Problem description: The data must be given again exactly as written, with all images omitted.

Raw data:
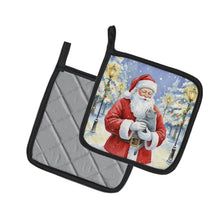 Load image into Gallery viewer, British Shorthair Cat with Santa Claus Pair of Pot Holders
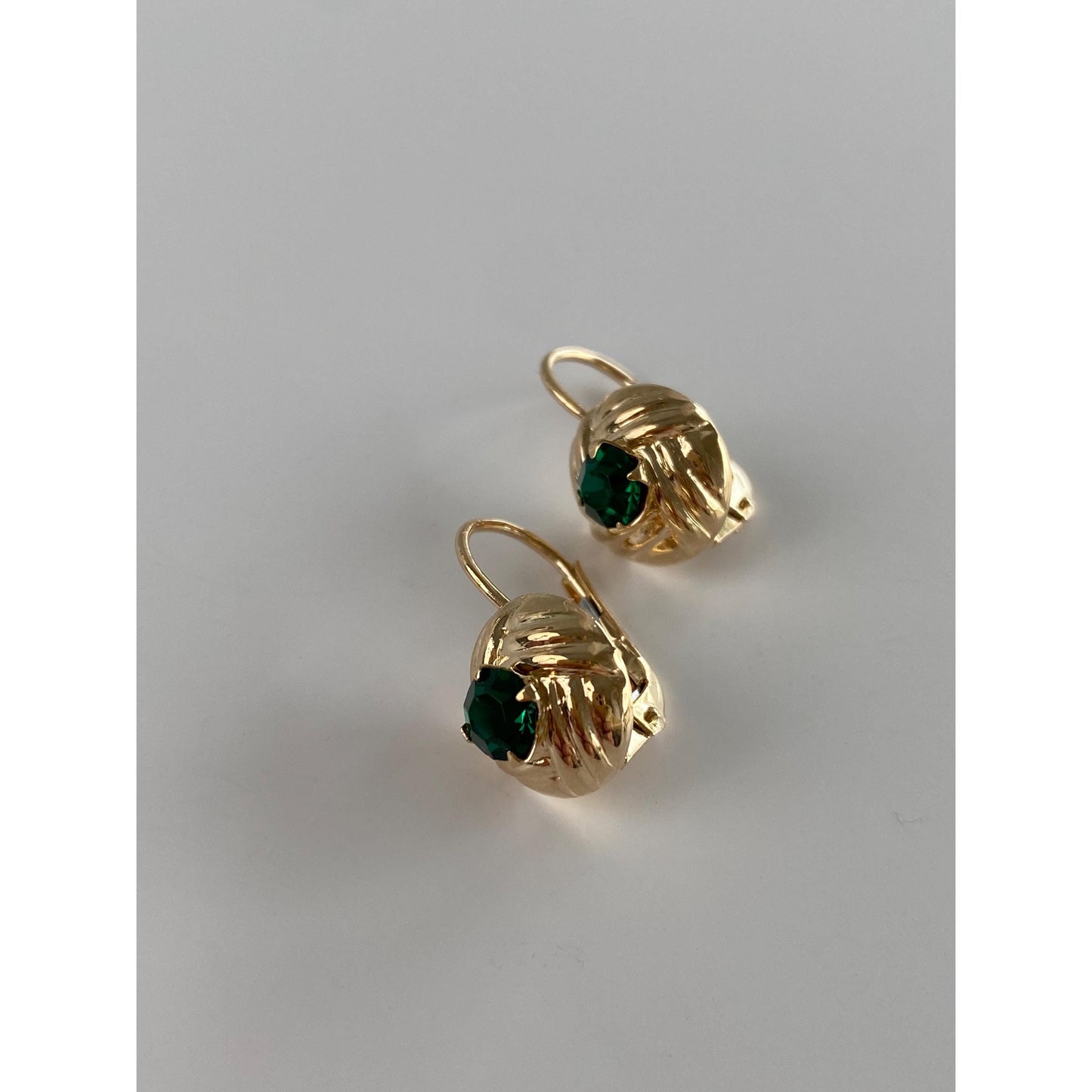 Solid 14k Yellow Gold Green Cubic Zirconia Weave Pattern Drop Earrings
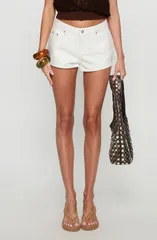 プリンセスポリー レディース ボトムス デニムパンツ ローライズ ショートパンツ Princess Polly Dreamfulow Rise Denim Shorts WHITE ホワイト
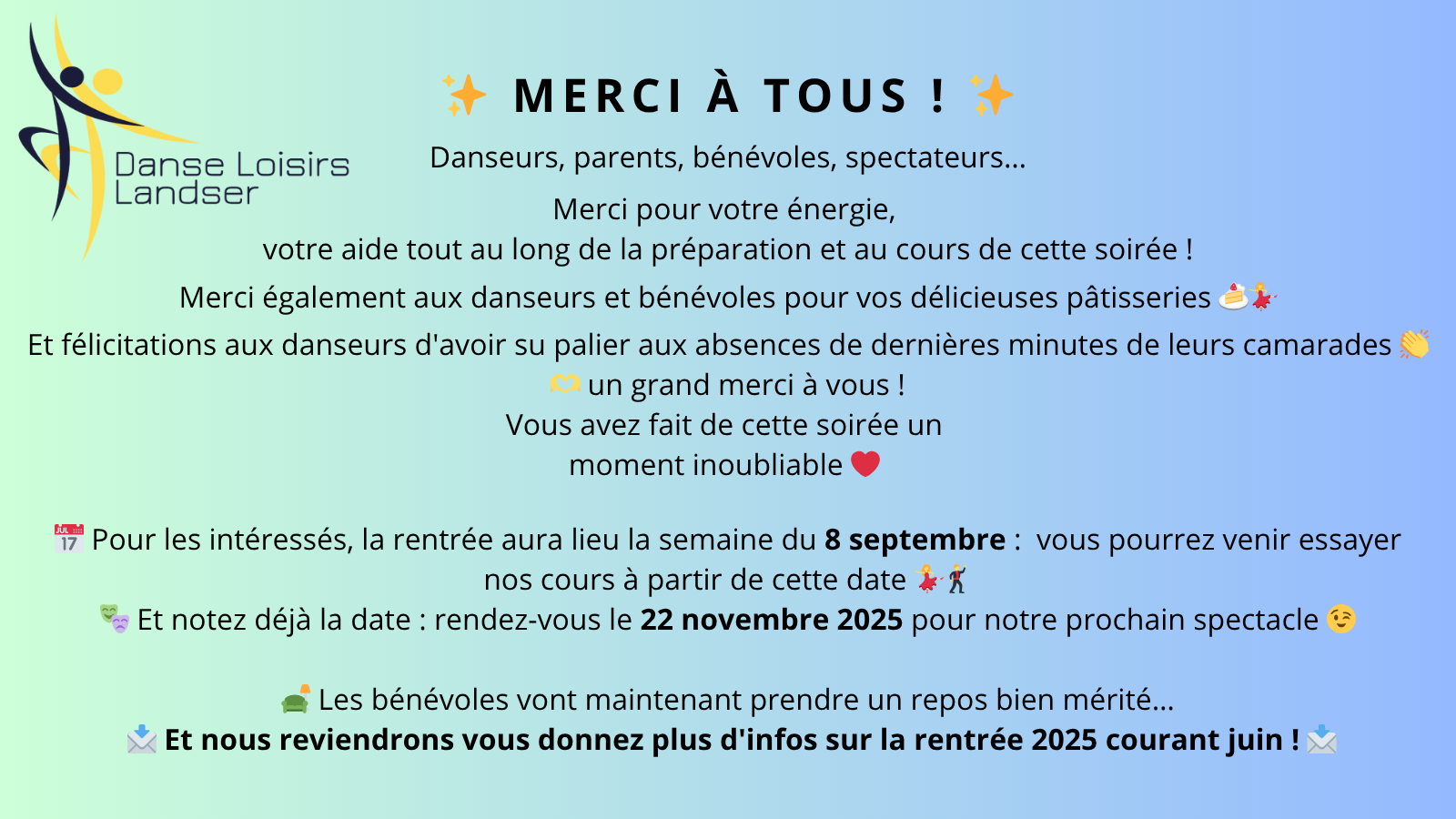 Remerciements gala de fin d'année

Response below:
 Load image into Gallery viewer, British Shorthair Cat with Santa Claus Pair of Pot Holders
 Solid 14k Yellow Gold Green Cubic Zirconia Weave Pattern Drop Earrings
 プリンセスポリー レディース ボトムス デニムパンツ ローライズ ショートパンツ Princess Polly Dreamfulow Rise Denim Shorts WHITE ホワイト
 Remerciements gala de fin d'année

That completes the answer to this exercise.